77分に大分は福森直也から清本拓己を投入。ほぼ攻め手がなく、引きこもらざるを得ない愛媛を崩すため、サイドに厚みを持たせるための交代。これにより実質、鈴木の1バックで1-3-4-2という超攻撃的な策に出た。

81分には右サイドで作って松本が深い位置からマイナスの折り返し。馬場がスルーをして前田がシュートを放つも、玉林が身体を捻りつま先でコースを変えて得点ならず。結局、引きこもらざるを得ない状況にまで持っていくことはできたが1点が遠く、またしても勝ち点を逃してしまった。

 

愛媛の印象

前期の対戦では川井監督の初陣で、それまでの3-4-2-1をベースに選手の特徴を生かしていた印象。
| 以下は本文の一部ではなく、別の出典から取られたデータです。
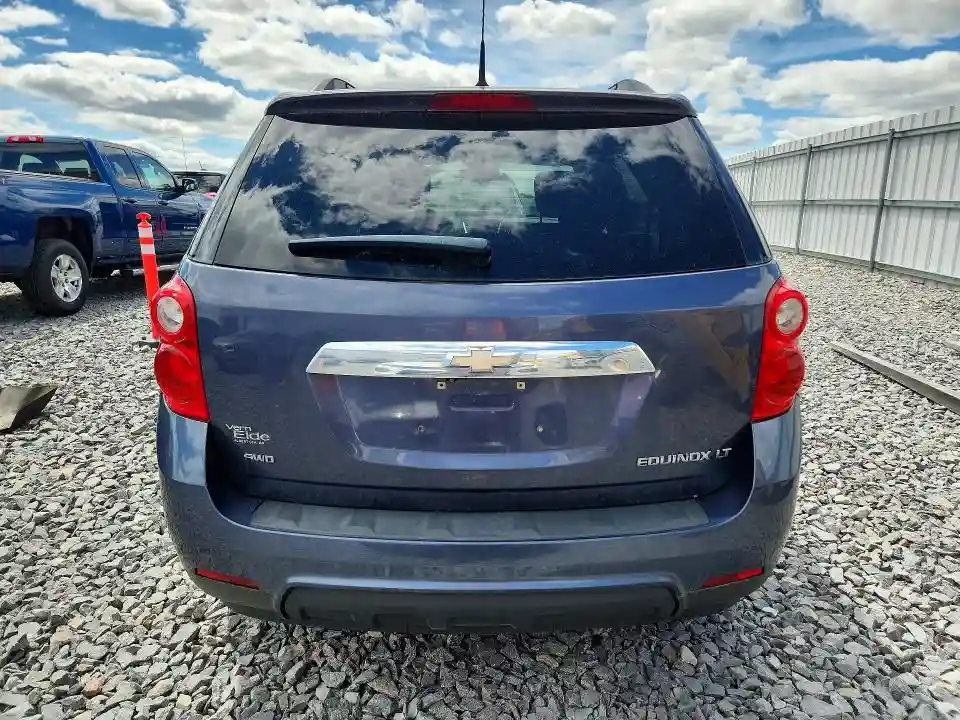 2GNFLEEK2D6146011 2013 CHEVROLET EQUINOX-5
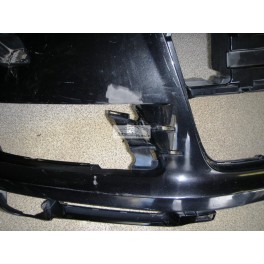 Audi Q7 06-09 priekšējais bampers 4L0807437
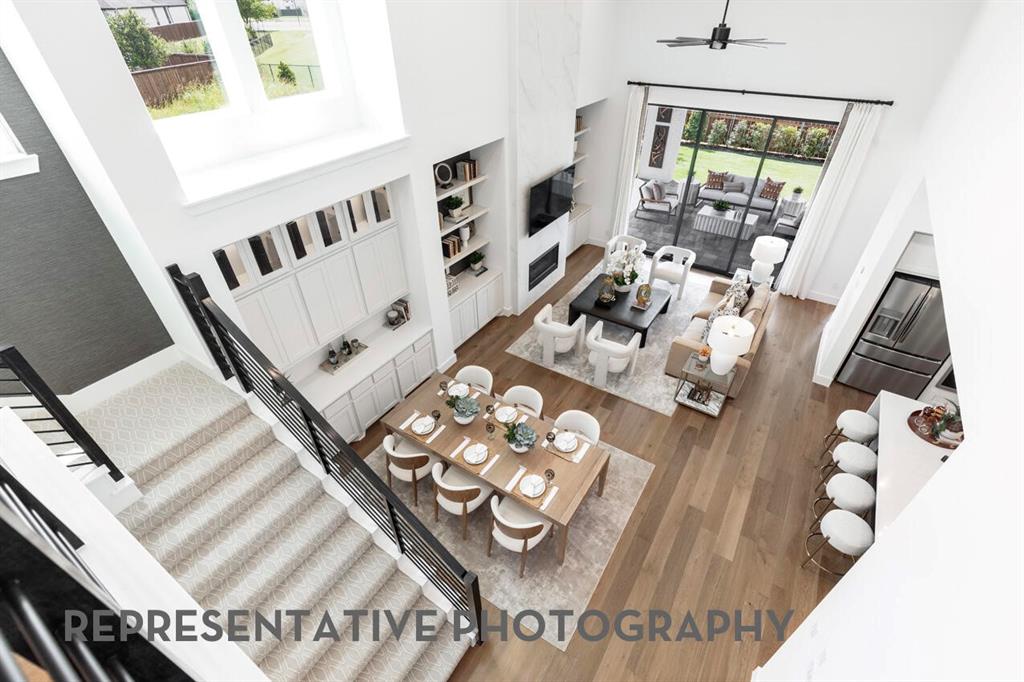 Wildridge - Residential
特に近藤貴司はその恩恵を受けた一人だろう。それまでは突破力を買われてかWBで何度か使われてはいたがパッとせず。しかし川井監督になってからはシャドウの位置でのびのびとプレー。今季の大分のトラウマベスト11の有力候補になった……

選手では岡本昌弘と神谷優太が印象に残った。シュートの雨あられで大忙しだった岡本が何度も好セーブを見せていたのは知っての通り。神谷もゼロトップの意図をしっかりと理解をしてプレーしているようでとても面倒な存在であり続けた。

そしてなんといっても川井監督の手腕。シーズンの途中からの抜擢ながら、ベースはそのままに適材適所の起用で後半戦序盤の台風の目になった。選手の役割がしっかりと整理できているからこその結果であるし、よく走ることのできる好チームになった。すごい……

 

「あとは選手のみ」というもどかしさ

この試合、相手を押し込みあの手この手でゴールを奪うための道筋を作った片野坂監督。しかしながら、監督ができることはベンチ入りメンバー18人の選考と、交代枠3つのタイミングと攻めきる、守りきるための準備だけであり、実際に得点したり守ったりというのは選手の役目だ。だが、どこかで選手たちがその意図を汲み取れていない、実行に移せていない印象がある。後半の三平投入による意図は、前線でのポイントを増やすことではなく、シャドウを生かす事が第一。しかし選手たちは攻め急いで前へ前へと行くばかりで、肝心なバイタルエリアがスカスカという矛盾が出た場面は象徴的だった。

片野坂監督がやりたいサッカーに選手達がこれからどこまで食いついていけるか。これが今年の大きな課題となるだろう。幸いにも前半戦での貯金があるためPO圏に留まる事ができている。今こそ選手達がチャレンジをしてもう一度、上を目指してほしい。